═════ DATA IN THIS EXERCISE ═════

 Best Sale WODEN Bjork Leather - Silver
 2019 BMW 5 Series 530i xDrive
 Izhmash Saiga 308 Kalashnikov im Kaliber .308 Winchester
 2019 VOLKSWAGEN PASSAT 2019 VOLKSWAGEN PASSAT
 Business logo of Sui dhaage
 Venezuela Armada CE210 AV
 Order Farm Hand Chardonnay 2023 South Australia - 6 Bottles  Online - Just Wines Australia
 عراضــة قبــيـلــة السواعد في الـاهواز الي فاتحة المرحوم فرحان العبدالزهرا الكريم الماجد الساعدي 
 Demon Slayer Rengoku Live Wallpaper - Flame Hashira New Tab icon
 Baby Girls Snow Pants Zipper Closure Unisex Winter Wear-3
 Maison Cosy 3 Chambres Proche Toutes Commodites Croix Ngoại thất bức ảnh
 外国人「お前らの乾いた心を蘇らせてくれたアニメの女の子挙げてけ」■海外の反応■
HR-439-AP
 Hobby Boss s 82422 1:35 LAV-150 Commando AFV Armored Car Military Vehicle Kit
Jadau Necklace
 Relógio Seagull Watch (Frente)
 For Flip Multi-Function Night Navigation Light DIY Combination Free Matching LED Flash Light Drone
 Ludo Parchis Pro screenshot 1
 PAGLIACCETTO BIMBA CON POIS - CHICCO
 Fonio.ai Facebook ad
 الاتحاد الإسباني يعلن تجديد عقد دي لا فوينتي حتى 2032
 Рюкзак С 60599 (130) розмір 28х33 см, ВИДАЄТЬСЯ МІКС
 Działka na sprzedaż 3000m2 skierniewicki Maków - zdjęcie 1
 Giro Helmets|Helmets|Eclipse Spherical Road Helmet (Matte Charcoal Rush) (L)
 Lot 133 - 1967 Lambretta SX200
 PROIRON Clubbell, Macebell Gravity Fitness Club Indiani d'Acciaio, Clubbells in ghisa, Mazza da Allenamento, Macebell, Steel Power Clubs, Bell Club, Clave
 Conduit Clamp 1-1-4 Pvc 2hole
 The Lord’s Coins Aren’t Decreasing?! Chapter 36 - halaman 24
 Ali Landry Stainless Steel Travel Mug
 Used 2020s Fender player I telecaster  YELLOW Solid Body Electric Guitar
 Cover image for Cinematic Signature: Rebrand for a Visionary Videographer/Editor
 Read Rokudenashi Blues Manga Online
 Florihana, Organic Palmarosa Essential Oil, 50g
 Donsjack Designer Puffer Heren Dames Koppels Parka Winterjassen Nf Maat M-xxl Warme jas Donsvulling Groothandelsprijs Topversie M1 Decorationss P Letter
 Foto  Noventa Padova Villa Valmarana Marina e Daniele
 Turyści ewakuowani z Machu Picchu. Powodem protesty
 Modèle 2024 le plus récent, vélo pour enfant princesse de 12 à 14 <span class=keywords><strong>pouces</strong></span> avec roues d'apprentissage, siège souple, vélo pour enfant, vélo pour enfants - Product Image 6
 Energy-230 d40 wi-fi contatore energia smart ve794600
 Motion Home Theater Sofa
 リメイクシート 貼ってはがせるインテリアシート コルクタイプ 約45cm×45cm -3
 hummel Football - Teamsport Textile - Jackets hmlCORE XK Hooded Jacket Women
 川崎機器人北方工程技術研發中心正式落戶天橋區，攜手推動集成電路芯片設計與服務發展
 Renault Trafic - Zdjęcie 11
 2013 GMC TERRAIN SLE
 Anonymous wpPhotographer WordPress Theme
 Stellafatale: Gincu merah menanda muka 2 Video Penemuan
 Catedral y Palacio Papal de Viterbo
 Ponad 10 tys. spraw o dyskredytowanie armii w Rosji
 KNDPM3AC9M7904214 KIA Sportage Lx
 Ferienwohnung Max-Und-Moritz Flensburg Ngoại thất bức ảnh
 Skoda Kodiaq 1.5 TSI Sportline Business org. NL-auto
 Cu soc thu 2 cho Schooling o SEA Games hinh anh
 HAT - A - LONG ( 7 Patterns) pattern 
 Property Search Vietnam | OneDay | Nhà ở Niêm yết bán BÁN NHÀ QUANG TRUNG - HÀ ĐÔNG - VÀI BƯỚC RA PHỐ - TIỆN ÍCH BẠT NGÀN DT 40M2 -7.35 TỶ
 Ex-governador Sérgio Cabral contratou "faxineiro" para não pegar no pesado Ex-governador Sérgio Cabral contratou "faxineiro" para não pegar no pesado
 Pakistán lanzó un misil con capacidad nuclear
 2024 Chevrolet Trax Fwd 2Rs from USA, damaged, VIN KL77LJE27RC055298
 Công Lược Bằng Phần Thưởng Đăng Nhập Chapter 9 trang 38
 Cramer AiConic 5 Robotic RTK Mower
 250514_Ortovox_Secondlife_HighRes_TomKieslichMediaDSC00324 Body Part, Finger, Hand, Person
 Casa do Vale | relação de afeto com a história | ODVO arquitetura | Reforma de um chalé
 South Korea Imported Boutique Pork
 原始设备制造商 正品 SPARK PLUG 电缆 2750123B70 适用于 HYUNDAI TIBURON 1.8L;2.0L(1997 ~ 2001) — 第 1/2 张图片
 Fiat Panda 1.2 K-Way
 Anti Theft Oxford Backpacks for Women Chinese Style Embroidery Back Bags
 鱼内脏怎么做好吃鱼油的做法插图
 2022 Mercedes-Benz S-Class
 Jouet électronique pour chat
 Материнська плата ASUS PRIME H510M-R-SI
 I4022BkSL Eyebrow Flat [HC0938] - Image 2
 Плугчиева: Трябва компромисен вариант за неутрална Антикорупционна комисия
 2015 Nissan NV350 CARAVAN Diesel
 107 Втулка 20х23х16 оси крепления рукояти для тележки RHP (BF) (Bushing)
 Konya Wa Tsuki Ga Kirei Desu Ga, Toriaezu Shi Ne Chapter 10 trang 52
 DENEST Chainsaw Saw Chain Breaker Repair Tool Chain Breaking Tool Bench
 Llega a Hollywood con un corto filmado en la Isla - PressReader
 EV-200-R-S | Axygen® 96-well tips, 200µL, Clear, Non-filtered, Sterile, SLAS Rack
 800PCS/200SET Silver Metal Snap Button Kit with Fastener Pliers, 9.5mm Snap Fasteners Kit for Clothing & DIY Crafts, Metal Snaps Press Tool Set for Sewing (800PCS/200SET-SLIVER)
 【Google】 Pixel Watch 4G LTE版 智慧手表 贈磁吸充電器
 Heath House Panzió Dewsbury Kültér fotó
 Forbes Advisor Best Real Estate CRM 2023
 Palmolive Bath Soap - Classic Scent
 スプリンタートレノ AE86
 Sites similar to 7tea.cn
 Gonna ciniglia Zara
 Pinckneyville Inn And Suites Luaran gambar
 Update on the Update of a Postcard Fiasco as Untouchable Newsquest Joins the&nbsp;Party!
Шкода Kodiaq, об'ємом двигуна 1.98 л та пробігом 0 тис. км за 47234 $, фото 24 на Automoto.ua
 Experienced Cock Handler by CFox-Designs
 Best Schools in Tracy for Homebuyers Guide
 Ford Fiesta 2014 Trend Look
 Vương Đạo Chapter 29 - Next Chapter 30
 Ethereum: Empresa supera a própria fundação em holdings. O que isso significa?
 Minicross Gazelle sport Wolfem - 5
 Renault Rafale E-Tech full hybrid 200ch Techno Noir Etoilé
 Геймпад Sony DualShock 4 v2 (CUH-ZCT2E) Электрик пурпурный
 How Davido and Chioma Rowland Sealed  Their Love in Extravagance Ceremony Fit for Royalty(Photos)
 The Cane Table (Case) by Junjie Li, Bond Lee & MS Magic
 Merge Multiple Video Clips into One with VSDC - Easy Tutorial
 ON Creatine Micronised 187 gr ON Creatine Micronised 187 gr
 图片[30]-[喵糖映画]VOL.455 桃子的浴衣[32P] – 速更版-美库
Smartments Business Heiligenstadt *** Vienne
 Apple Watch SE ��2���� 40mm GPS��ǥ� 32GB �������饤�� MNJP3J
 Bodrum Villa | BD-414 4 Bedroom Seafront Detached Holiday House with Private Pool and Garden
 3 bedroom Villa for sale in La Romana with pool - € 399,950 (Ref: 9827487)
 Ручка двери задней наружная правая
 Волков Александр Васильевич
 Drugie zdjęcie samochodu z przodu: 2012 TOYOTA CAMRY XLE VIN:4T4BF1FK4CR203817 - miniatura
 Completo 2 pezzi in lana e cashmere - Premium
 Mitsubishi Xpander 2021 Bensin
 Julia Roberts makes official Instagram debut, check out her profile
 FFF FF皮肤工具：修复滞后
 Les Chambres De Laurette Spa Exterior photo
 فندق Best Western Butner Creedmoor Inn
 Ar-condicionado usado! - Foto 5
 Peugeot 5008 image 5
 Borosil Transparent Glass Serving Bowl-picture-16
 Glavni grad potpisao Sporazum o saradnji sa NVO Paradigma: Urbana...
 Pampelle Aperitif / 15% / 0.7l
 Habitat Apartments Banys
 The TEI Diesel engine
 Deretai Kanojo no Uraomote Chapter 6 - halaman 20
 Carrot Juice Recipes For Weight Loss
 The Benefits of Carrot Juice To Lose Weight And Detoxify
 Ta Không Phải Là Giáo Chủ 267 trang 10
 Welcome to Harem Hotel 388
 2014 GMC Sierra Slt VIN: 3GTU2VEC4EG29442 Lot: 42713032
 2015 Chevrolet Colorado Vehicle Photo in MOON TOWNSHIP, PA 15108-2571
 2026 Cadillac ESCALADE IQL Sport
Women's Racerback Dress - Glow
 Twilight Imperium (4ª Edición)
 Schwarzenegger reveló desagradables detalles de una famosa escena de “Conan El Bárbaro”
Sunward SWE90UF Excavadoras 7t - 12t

═════

• **TASK STATEMENT**: Give back the records above exactly, limited to the lines between the one holding "PAGLIACCETTO BIMBA CON POIS - CHICCO" and the one holding "HAT - A - LONG ( 7 Patterns) pattern", inclusive.

• **FINISHED EXERCISE**:
 PAGLIACCETTO BIMBA CON POIS - CHICCO
 Fonio.ai Facebook ad
 الاتحاد الإسباني يعلن تجديد عقد دي لا فوينتي حتى 2032
 Рюкзак С 60599 (130) розмір 28х33 см, ВИДАЄТЬСЯ МІКС
 Działka na sprzedaż 3000m2 skierniewicki Maków - zdjęcie 1
 Giro Helmets|Helmets|Eclipse Spherical Road Helmet (Matte Charcoal Rush) (L)
 Lot 133 - 1967 Lambretta SX200
 PROIRON Clubbell, Macebell Gravity Fitness Club Indiani d'Acciaio, Clubbells in ghisa, Mazza da Allenamento, Macebell, Steel Power Clubs, Bell Club, Clave
 Conduit Clamp 1-1-4 Pvc 2hole
 The Lord’s Coins Aren’t Decreasing?! Chapter 36 - halaman 24
 Ali Landry Stainless Steel Travel Mug
 Used 2020s Fender player I telecaster  YELLOW Solid Body Electric Guitar
 Cover image for Cinematic Signature: Rebrand for a Visionary Videographer/Editor
 Read Rokudenashi Blues Manga Online
 Florihana, Organic Palmarosa Essential Oil, 50g
 Donsjack Designer Puffer Heren Dames Koppels Parka Winterjassen Nf Maat M-xxl Warme jas Donsvulling Groothandelsprijs Topversie M1 Decorationss P Letter
 Foto  Noventa Padova Villa Valmarana Marina e Daniele
 Turyści ewakuowani z Machu Picchu. Powodem protesty
 Modèle 2024 le plus récent, vélo pour enfant princesse de 12 à 14 <span class=keywords><strong>pouces</strong></span> avec roues d'apprentissage, siège souple, vélo pour enfant, vélo pour enfants - Product Image 6
 Energy-230 d40 wi-fi contatore energia smart ve794600
 Motion Home Theater Sofa
 リメイクシート 貼ってはがせるインテリアシート コルクタイプ 約45cm×45cm -3
 hummel Football - Teamsport Textile - Jackets hmlCORE XK Hooded Jacket Women
 川崎機器人北方工程技術研發中心正式落戶天橋區，攜手推動集成電路芯片設計與服務發展
 Renault Trafic - Zdjęcie 11
 2013 GMC TERRAIN SLE
 Anonymous wpPhotographer WordPress Theme
 Stellafatale: Gincu merah menanda muka 2 Video Penemuan
 Catedral y Palacio Papal de Viterbo
 Ponad 10 tys. spraw o dyskredytowanie armii w Rosji
 KNDPM3AC9M7904214 KIA Sportage Lx
 Ferienwohnung Max-Und-Moritz Flensburg Ngoại thất bức ảnh
 Skoda Kodiaq 1.5 TSI Sportline Business org. NL-auto
 Cu soc thu 2 cho Schooling o SEA Games hinh anh
 HAT - A - LONG ( 7 Patterns) pattern 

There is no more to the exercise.